Richard Taylor, The How-To-Do-It Book of Beekeeping.

This is however one area I disagree with Mr. Taylor on and ordered my Maxant last week.


----------



## NeilV (Nov 18, 2006)

Another consideration, IMO, is that the honey provides the fuel for the wax, but that is not the only input. The bees have to work at it, and bees that are drawing comb are not doing something else, like gathering nectar or curing it. 

Along the same lines, there are a limited number of days in a nectar flow when the weather's good and there is a worker force that is big enough to get 'er done. A hive with drawn comb does not have to waste part of that crucial period redrawing comb every year. They can just put it away. And I've learned that when a strong hive has drawn comb, they can really put quite a bit of honey away in a short amount of time. However, the work proceeds more slowly when they have to draw the comb.

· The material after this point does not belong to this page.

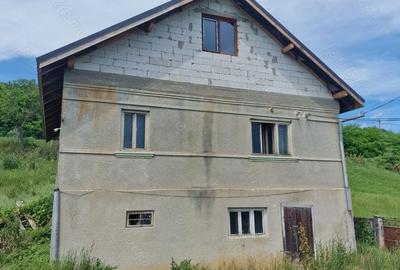 Casă în Răzbuneni - 2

I suspect (but do not really know) that the honey production on a crush and strain hive is reduced by significantly more than just the amount of honey is takes, in theory, to draw the wax. (Unless all that is figured into the 1 to 7 ratio theory. However, if that's included, then the 1:7 ratio is necessarily pretty subjective.)


----------



## StevenG (Mar 27, 2009)

Ok Mythomane, you're pretty quick to dismiss our predecessors who have done studies on wax production as spurious. So, why don't YOU do such a study yourself? During a time of no flow, give one of your hives a super of foundation, feed them, account for any honey stored, and why don't YOU tell US how much honey/sugar syrup it takes to produce one pound of wax? Do your study to those standards that you accuse others of not using. Write a paper on it, submit it here and to one of the bee journals. Perhaps quite a few of us would be interested to see how your study turns out, and how it compares with previous ones. 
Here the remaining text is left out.